French PM to unveil details of controversial pension reform on Wednesday

MOSCOW, Dec 11: French Prime Minister Edouard Philippe on Wednesday is expected to present the entire draft of the pension reform that has stirred the country over the past week, prompting thousands of concerned French workers to take to the streets in a nationwide general strike and tumultuous protests.
Philippe will present the draft reform before the French Economic, Social and Environmental Council at noon (11:00 GMT). He is also expected to set the date of when the new system will begin being implemented.
Prior to that, the government held consultations with the unions to learn more about their concrete expectations and concerns.
The existing pension system of France has workers retire at the age of 62 with an average pension of 75 percent of their pre-retirement earnings. Aside from that, there are also 42 retirement plans for separate categories of workers.
These plans are sector-specific and account for exceptions and privileges in terms of the age at which workers of a given industry can retire and the amount they would be paid in pension. For example, railroad workers can retire at 54 as a compensation for harder working conditions and be getting about 2,000 euros ($2,200).
The new system will cancel all exceptions and privileges and have workers retire at the same age and only after collecting the required minimum of points for the number of years at work. The pension itself will be calculated on the basis of average salary throughout the entire career rather than the highest or final one, as it is now.
That the existing existing French pension system will be abandoned is known for a fact. French President Emmanuel Macron has pledged to see the reform through – something many see as his attempt to save face after concessions to the Yellow Vests.
Announcing the unveiling of the draft last week, Philippe also said that workers would have to reconcile with switching to a unified pension system because that is what had happened in other countries with an economic level comparable to the French. What remains unknown is how and how soon the new system will be integrated.
Since December 5, hundreds of thousands-strong rallies of public and private sector workers engulfed the nation, with the epicenter of marches being in Paris. By Saturday, the French capital was caught in havoc as anti-pension reform protests paralleled with the Yellow Vests.

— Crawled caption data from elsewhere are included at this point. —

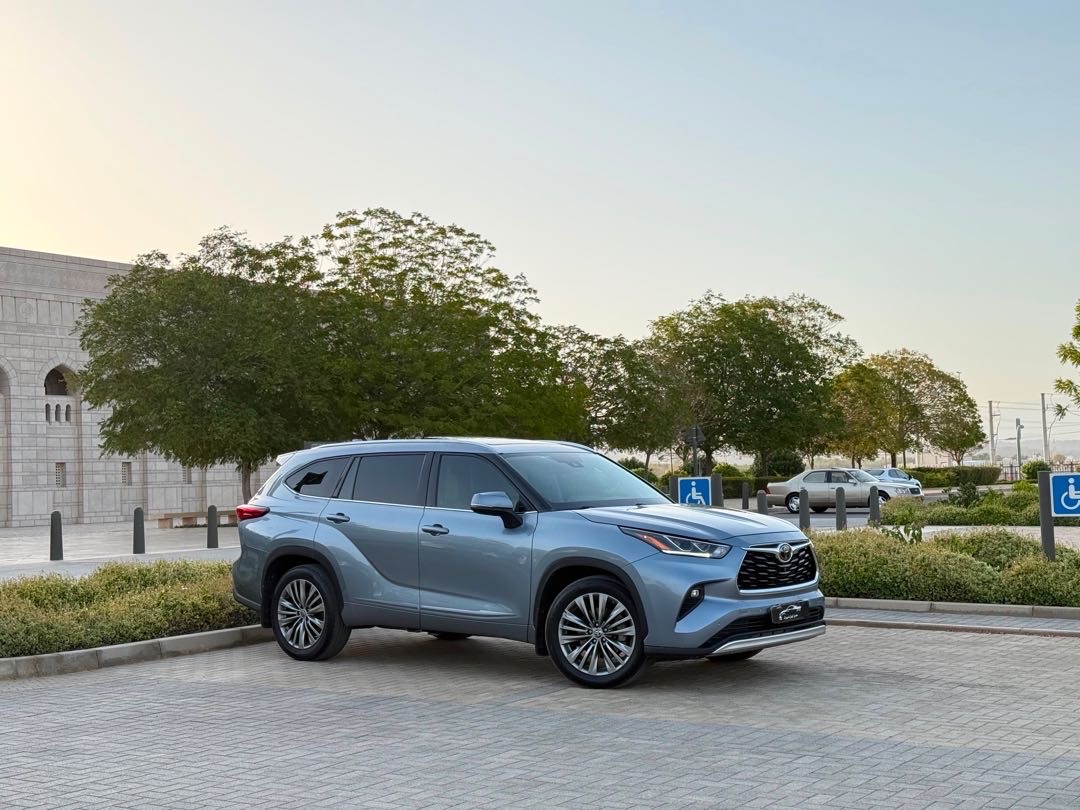 2020 Toyota Highlander Platinum thumbnail 2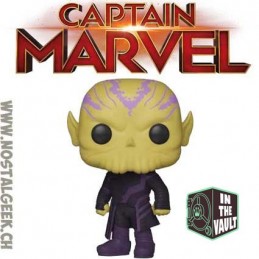 Funko Funko Pop Marvel Captain Marvel Talos Vaulted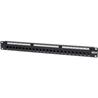 TRIPPLITE 24-Port Cat6 Feed Through Patch Panel (N254-024)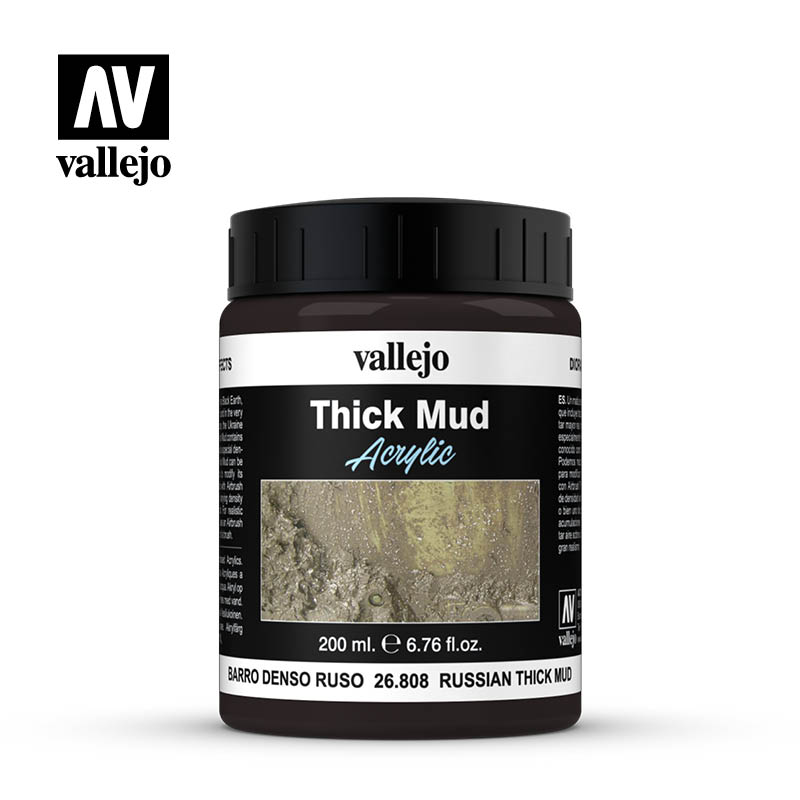 Vallejo Diorama FX: Russian Mud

Essentially, the French workers fear that they would be paid less for working longer.
Replacing the old system needs time and the proposed reform is not thought-out enough to be implemented right away, Jean-Marc Schaeffer, secretary general of the UNSA Retraites trade union, told Sputnik.
He argued that the government has no big plan to rely upon and is only guided by the report of Jean-Paul Delevoye, high commissioner for pension reform. The proposed reform needs to be modified in a way to account for certain professional hardships, such as life expectancy varying from job to job, rather than putting everyone in a single melting pot.
There is also a call among protesters to make the new system applicable only to younger workers who vote for it.
Public transportation in France continues experiencing disruptions due to the industrial action.